Ceci étant, ce qui m’intéresse dans ce dialogue de Pilate avec Jésus c’est que ça vient interroger la royauté qui serait celle de Jésus, et ça vient en même temps nous donner à entendre que Pilate a perçu en cet homme qui lui a été livré par les autorités juives, il a perçu quelque chose de qui est cet homme qui dérange et qu’on veut mettre à mort. Que comprend-il exactement de sa royauté, on ne sait pas trop. La reconnaît-il pour faire un pied-de-nez aux autorités juives, peut-être un peu. En tout cas ça permet ce dialogue par lequel nous comprenons que la royauté du Christ n’est pas politique ni du même ordre que toute royauté terrestre.

Et c’est intéressant que Pilate reconnaissance d’une certaine façon que Jésus puisse être « Roi des Juifs », car le Roi véritable d’Israël c’est Dieu, Dieu lui-même.

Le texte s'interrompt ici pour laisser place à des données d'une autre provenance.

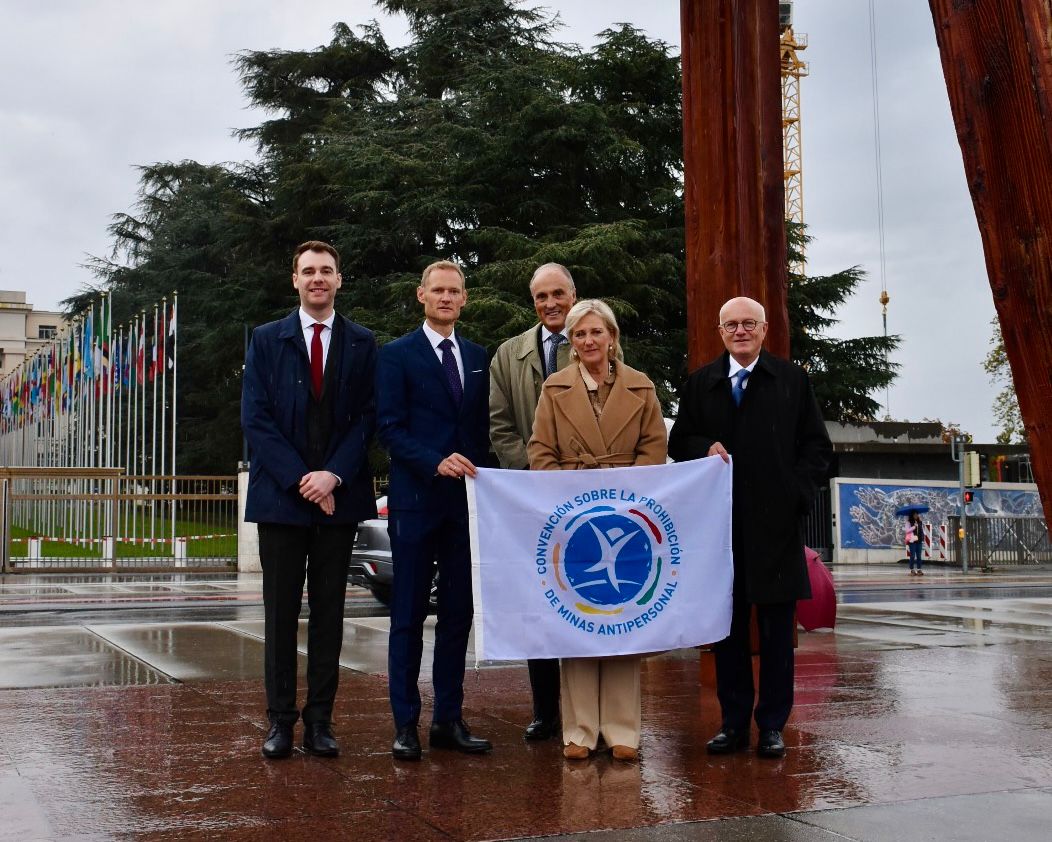 BelgiumUNGeneva's tweet photo. 🪑 Did you know that the Broken Chair in front of the @UNGeneva symbolises the victims of anti-personnel landmines? 🚫 Belgium was the very first country to ban anti-personnel landmines through national legislation in 1995.

📷©️APMBC https://t.co/C7Rl3SG7G3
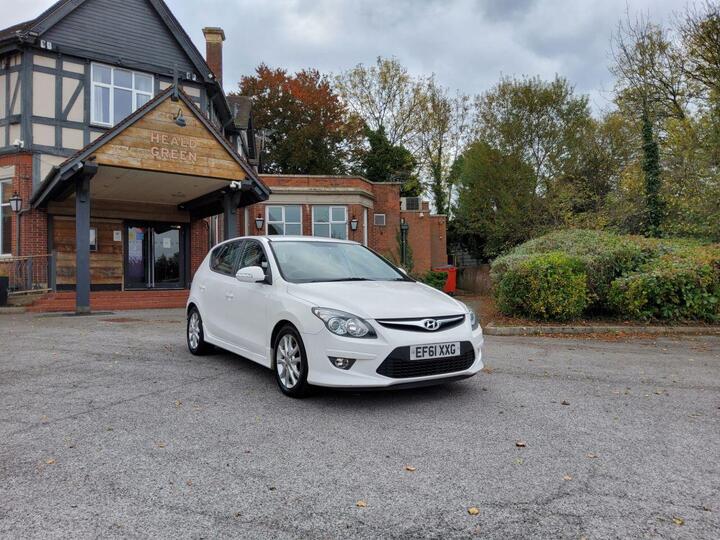 Hyundai I30 1.6 CRDi Comfort Euro 4 5dr Hyundai I30 1.6 CRDi Comfort Euro 4 5dr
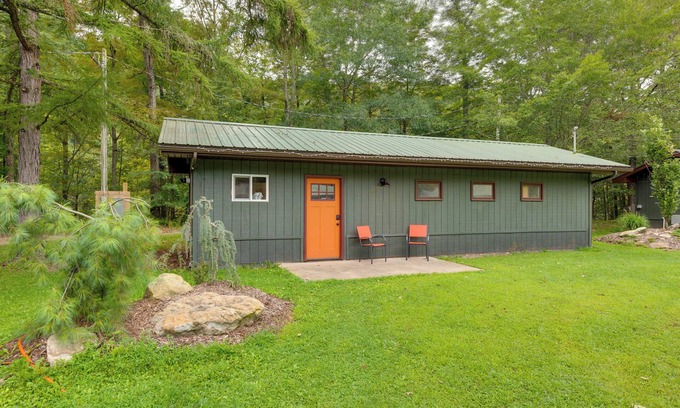 Hillsgrove Cabina | Hillsgrove Cabin w/ Community Perks: Pets Welcome!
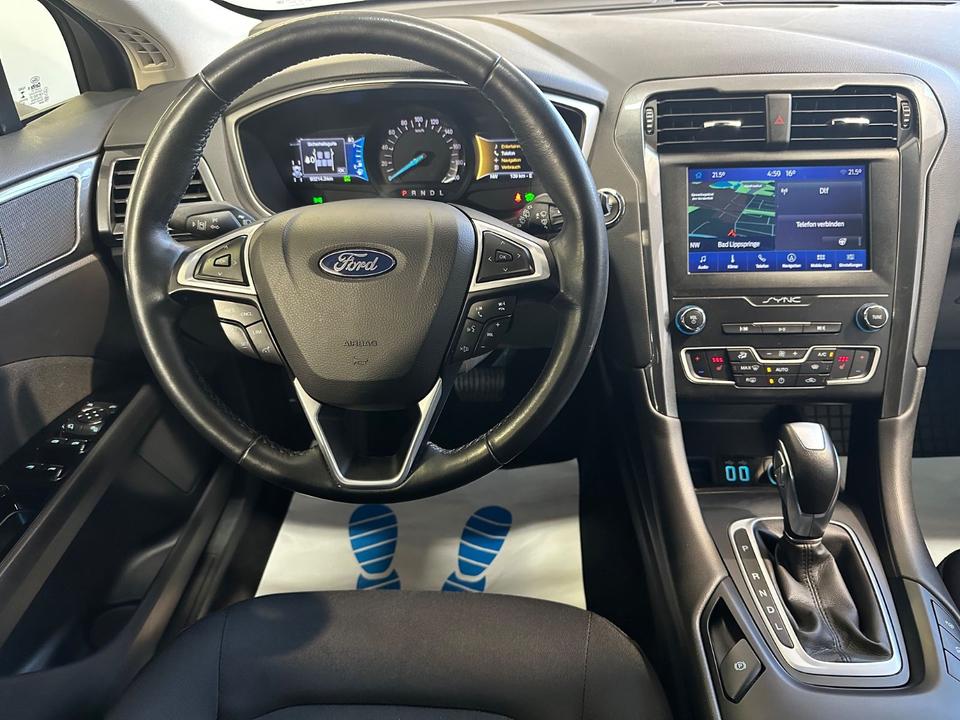 Ford Mondeo 2.0 Kombi Hybrid.Benzin/Navi/Kamera/LED in Paderborn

Sauf qu’à un moment de son histoire Israël a voulu être comme les autres peuples qui l’entouraient et Israël demandé à Dieu d’avoir un roi humain comme les autres – vous trouvez ça en 1S 8, c’est un texte intéressant…

En tout cas le véritable Roi d’Israël, le Roi des Juifs, c’est Dieu lui-même. Par contre sa royauté n’est pas du même ordre que les royautés humaines. Le Royaume de Dieu que Jésus est venu annoncer et manifester est un Royaume en germe là où nous vivrons l’Évangile, un Royaume qui ne veut pas conquérir mais permettre à chacun d’être pleinement lui-même et d’être libéré de tout ce qui nous empêche de vivre, de tout ce qui nous replie ou nous cloue au sol.

Le Royaume de Dieu c’est le Christ et son salut, c’est l’Évangile annoncé en paroles et en actes.

Et c’est très concret ce Royaume, c’est celui d’une fraternité véritable où chacun puisse trouver sa place et faire fructifier les dons que Dieu a déposés en lui, c’est le Royaume de celles et ceux qui voudront bien vivre l’appel à aimer, un appel que Dieu veut d’ailleurs adresser à chacun, quel qu’il soit, quelle que soit son histoire et où qu’il en soit de son chemin de foi, quel que soit aussi le mal qu’il est pu faire. Un royaume où le pardon face loi et soit force de vie ; un Royaume où l’on choisit de vivre la paix quoi qu’il en coûte, en tout cas de le vouloir et d’apprendre ; un Royaume où l’on croit en l’amour qui sauve et qui est du côté de la vie, pour tous.

Dans ce Royaume, il n’y a plus ni maîtres ni esclaves, mais seulement des serviteurs, des serviteurs du Christ et de son Évangile, des hommes et des femmes qui acceptent de mettre leurs pas dans celui du Christ et de s’abaisser à hauteur de l’autre qui va croiser notre route. Pour l’entraîner avec nous sur ce chemin de vie qu’est celui que nous propose le Christ.

Alors c’est vrai, ça peut nous paraître un peu utopique, et il ne s’agit pas de déserter le monde pour se libérer de je ne sais quel système ou je ne sais quelle forme de royauté ou d’État – nous sommes incarnés. Mais justement, la royauté du Christ est un germe de vie déposé au cœur du monde, pour le transfigurer de l’intérieur, que nous y apportions plus de paix et de miséricorde, que nous y soyons humblement témoins d’amour et de pardon, témoins de cet amour sauveur de Dieu qui veut se fait proche, qui écoute l’autre, et qui l’aide à se relever pour continuer le chemin.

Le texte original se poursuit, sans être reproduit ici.